Ce jour là, en plein jour, alors qu'elle est dans la Gare, un jeune garçon va se jeter sur elle pour lui arracher son collier en or sous les yeux effrayés de sa fille.

Les images de vidéosurveillance diffusées à l’antenne montrent la femme accompagnée de son enfant dans le hall de la gare lorsque l’agression se produit. La victime raconte avoir soudainement senti un homme lui saisir le cou, au point de croire dans un premier temps qu’il cherchait à l’étrangler. Malgré la panique, elle explique avoir tenté de rester calme pendant que sa fille prenait immédiatement la fuite.

Pensant que l’agresseur voulait lui voler son sac, la mère le serre alors très fortement contre elle. Mais l’homme ne vise finalement pas son sac : il s’en prend à la chaîne en or qu’elle porte autour du cou.

La victime raconte avoir entendu le bruit de son collier qui se brise brutalement. Sous la violence du geste, elle tombe au sol avant de parvenir à se relever en hurlant.

C’est en entendant les cris de sa mère que la petite fille décide de revenir sur ses pas.

Face aux caméras, la mère peine alors à retenir ses larmes lorsqu’elle raconte la réaction de son enfant. Elle explique avoir senti sa fille culpabiliser d’avoir couru et de l’avoir laissée seule au sol pendant l’agression. Mais l’enfant lui donne alors une explication particulièrement poignante. « Maman, maman, j’ai cru qu’il voulait me prendre.

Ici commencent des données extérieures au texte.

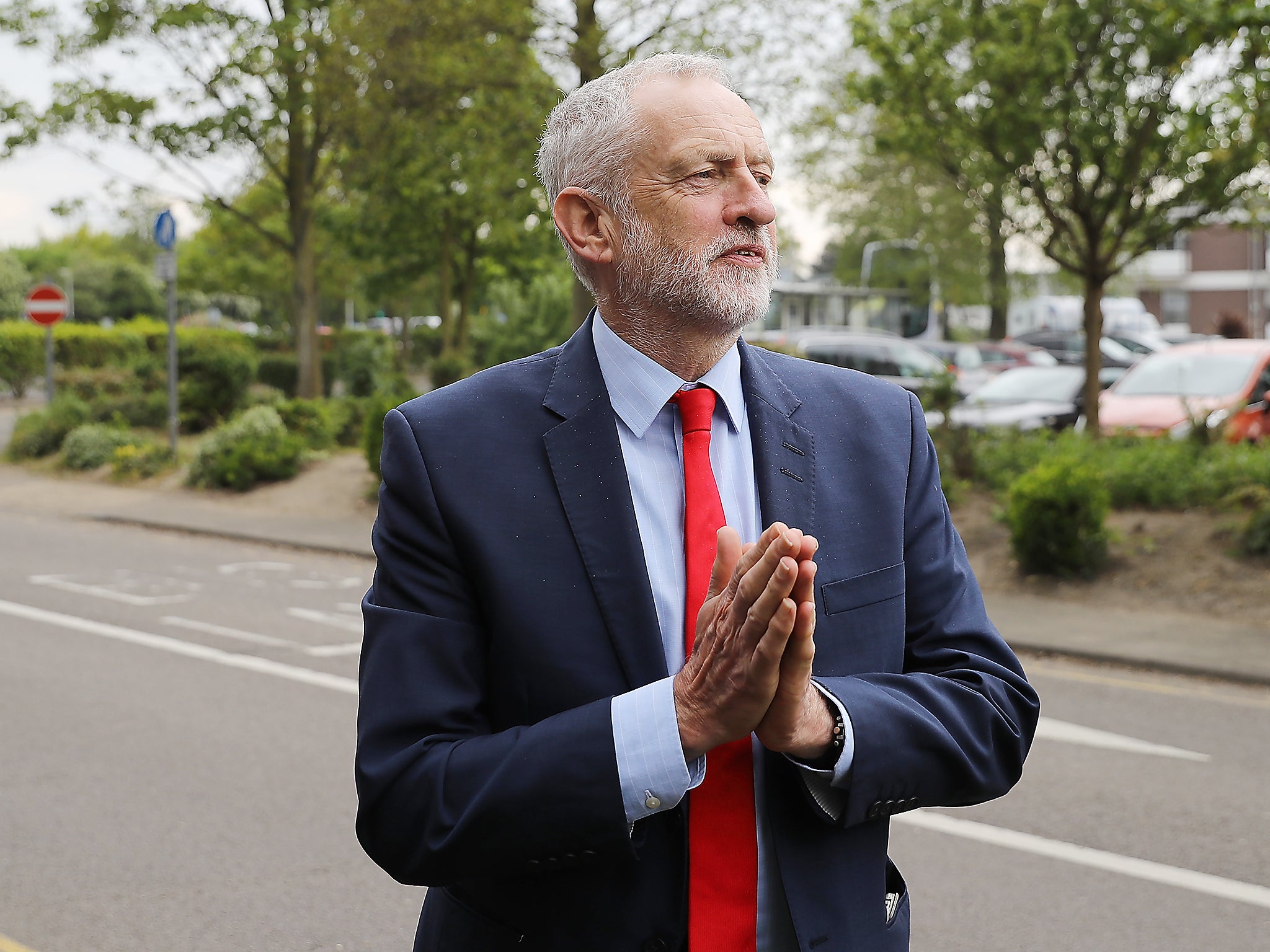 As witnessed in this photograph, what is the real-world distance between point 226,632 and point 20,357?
3134 cm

C’est pour ça que je suis partie », lui confie-t-elle.

Une phrase qui bouleverse profondément la victime, encore très marquée par ce qu’elles viennent de vivre. La mère explique également combien cette chaîne comptait pour elle, décrivant un bijou qui « faisait partie » d’elle.

Au-delà du vol, c’est surtout le traumatisme vécu par sa fille qui semble aujourd’hui la hanter.

La séquence montre ainsi les conséquences psychologiques d’une agression commise en quelques secondes dans un lieu pourtant extrêmement fréquenté.

Le témoignage de cette mère, diffusé le visage flouté, est accompagné des images de la scène captées par la vidéosurveillance.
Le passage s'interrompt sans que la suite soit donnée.